Он стоял долго, наслаждаясь одновременно теплыми лучами и своим видом. Он был прекрасен, как всегда – и даже более: строен как никогда, как никогда уверен в себе и невозмутим.

Наконец что-то подсказало ему – пора. В следующее мгновение он уже сидел перед массажистом, так близко, что стоило протянуть руку – и он коснется этих умелых пальцев. Но двигаться Осей не стал. Наоборот, он сидел неподвижно, в одной из самых привлекательных поз, до сих пор полностью одетый. Сознание того, что человек перед ним слеп, не могло заставить его оказаться в некрасивом виде.
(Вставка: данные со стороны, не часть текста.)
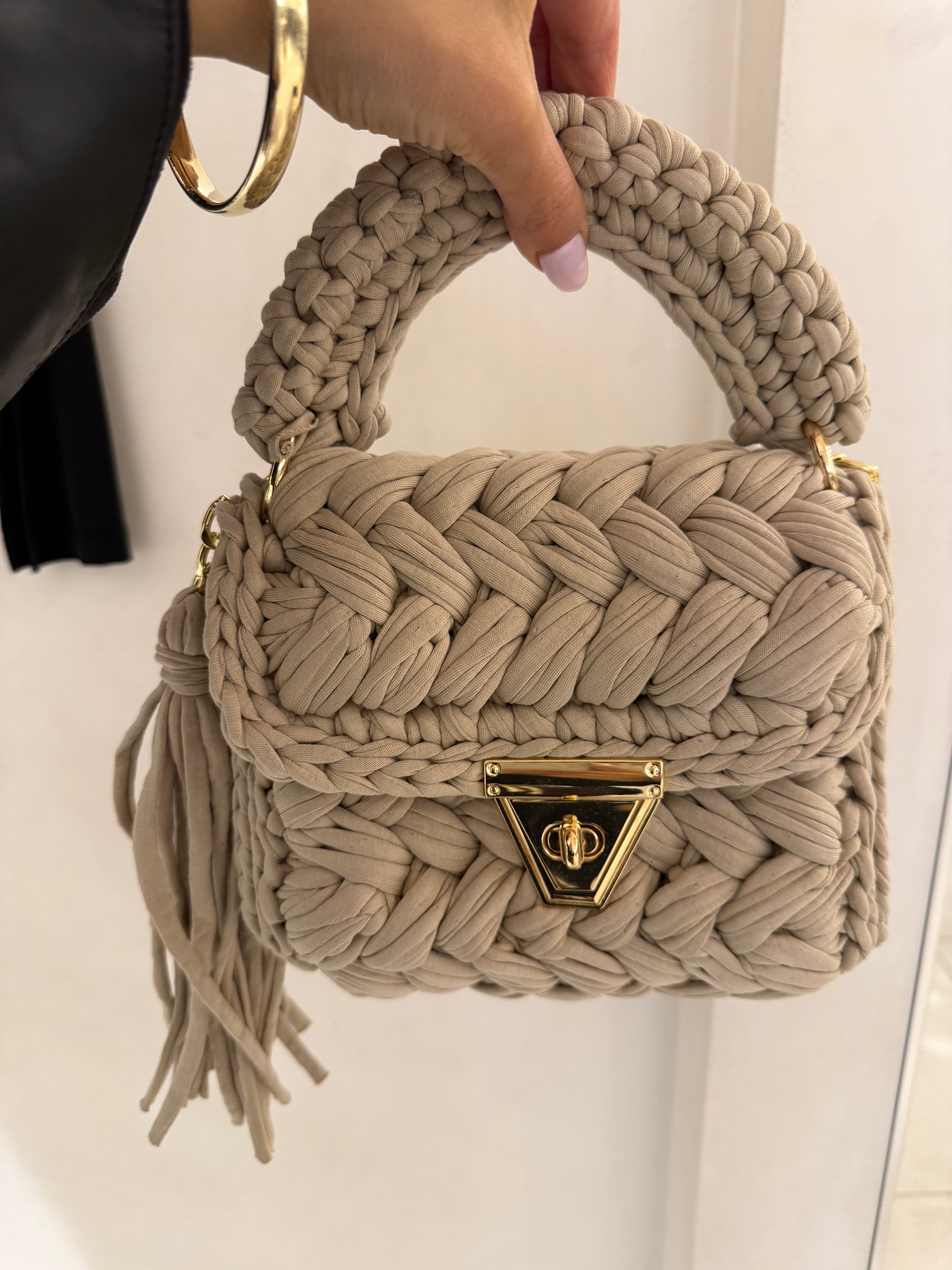 The cove crochet clutch, beige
Да, Осей не шевелился – зато вперед протянул руки массажист. Его касание было легким и мимолетным, почти нечувствительным – но в то же время удивительно точным. Повинуясь этому движению, алые ткани мягко скользнули по гладкому телу и опустились на пол. Осей предстал во всей своей красе – и хотя рядом не было никого, кто мог бы оценить это, достаточно было и того, что он сам это знал.
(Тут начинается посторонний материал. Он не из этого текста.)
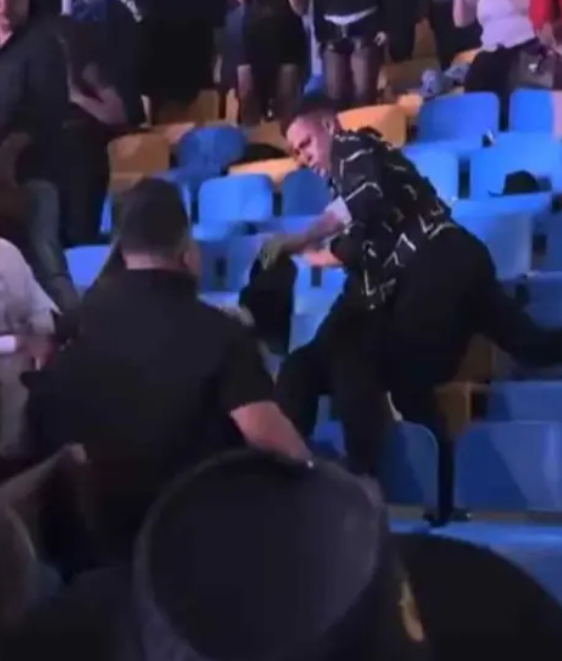 Hombres pelean en concierto de Grupo Firme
Однако руки массажиста не остановились. Кончиками пальцев он словно прочертил ровную линию по груди, потом коснулся сосков, но не задержался, а двинулся ниже, к животу. Осей во все глаза смотрел на него, искал отражение происходящего на этом лице – но оно оставалось прежним. Тот же наклон головы, так же прикрытые глаза, то же выражение. Это было неправильно, так неправильно, ведь люди должны терять самообладание, когда перед ними было такое прекрасное тело, готовое им отдаться… или неправильным было всё прежнее?

Сейчас все было по-другому. Тело, впервые ставшее не средством, а целью, словно запело. Не надо было думать, как застонать или шевельнуться, чтобы изобразить страсть – впервые Осей отпустил себя и перестал контролировать каждый вдох. Словно полет, это непередаваемое чувство свободы… раствориться в ощущениях и забыть обо всем остальном…
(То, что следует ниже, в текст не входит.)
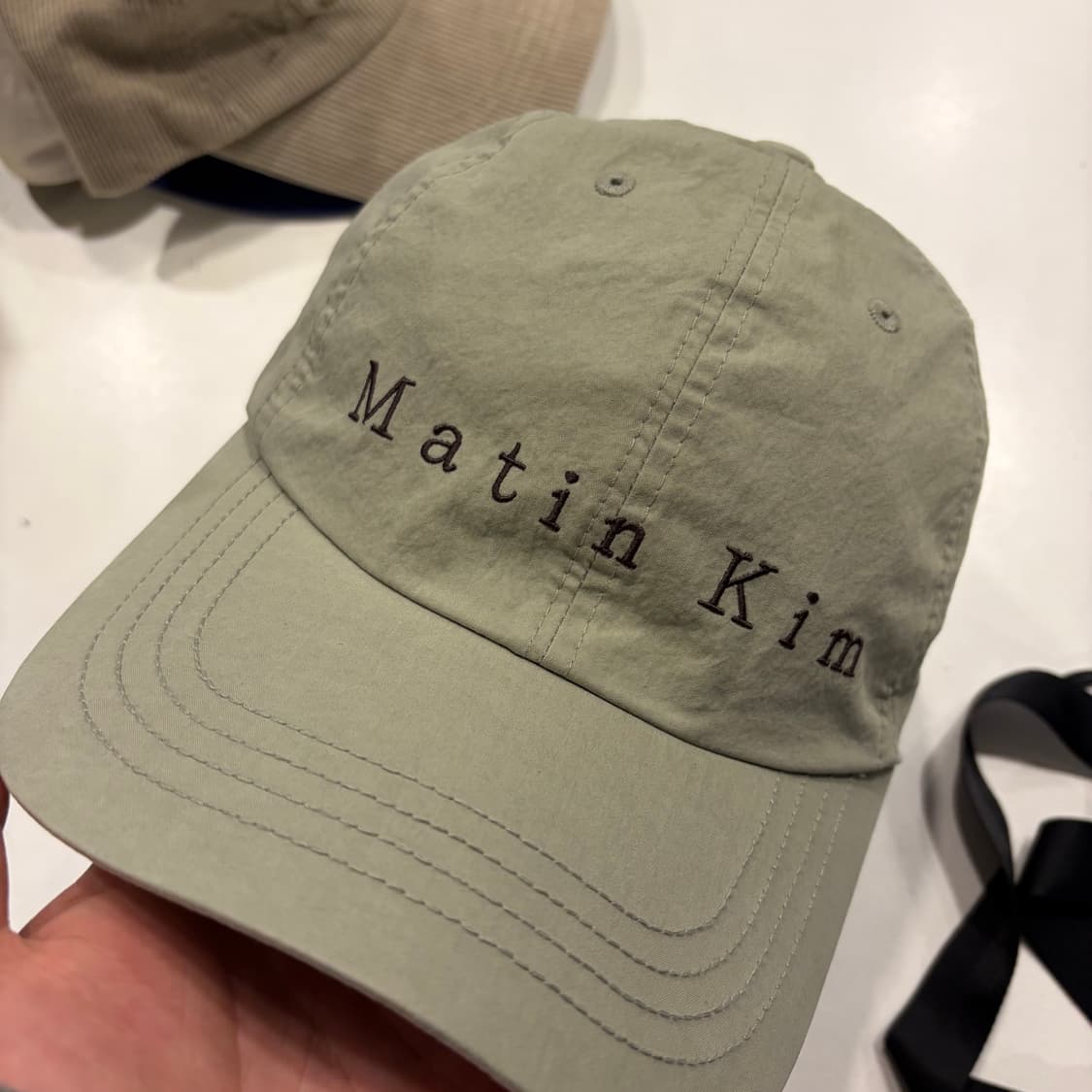마뗑킴 볼캡 카키색 모자 상품이미지2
С томным стоном Осей проснулся и некоторое время лежал не шевелясь, только часто и глубоко дышал, ни о чем не думая, лишь перебирая в памяти подробности сна.



***

Утро стояло туманное, блеклое, нисколько не напоминающее красочный сон. В доме было влажно, пахло сыростью, и настроение было соответствующим. Осей, с благодарностью принимая чашку риса, продолжал думать о сновидении, а после завтрака вышел наружу вместе с остальными. Некоторое время они сидели молча, разговор не клеился. Даже Окину казалась чужой и далекой. Или это он виноват, а не сестренка? Может, она чувствует, что его мысли витают очень далеко, и потому не хочет его отвлекать?

Осей расслышал и узнал его шаги еще до того, как добрая женщина, приютившая их, разулыбалась, глядя ему за плечо, и крикнула:

- Вы покидаете нас?

- Да, думаю пойти куда-нибудь еще.

Осей поднялся со своего места.

- Разрешите проводить вас по деревне. Я хотел кое о чем поговорить, если вы не против.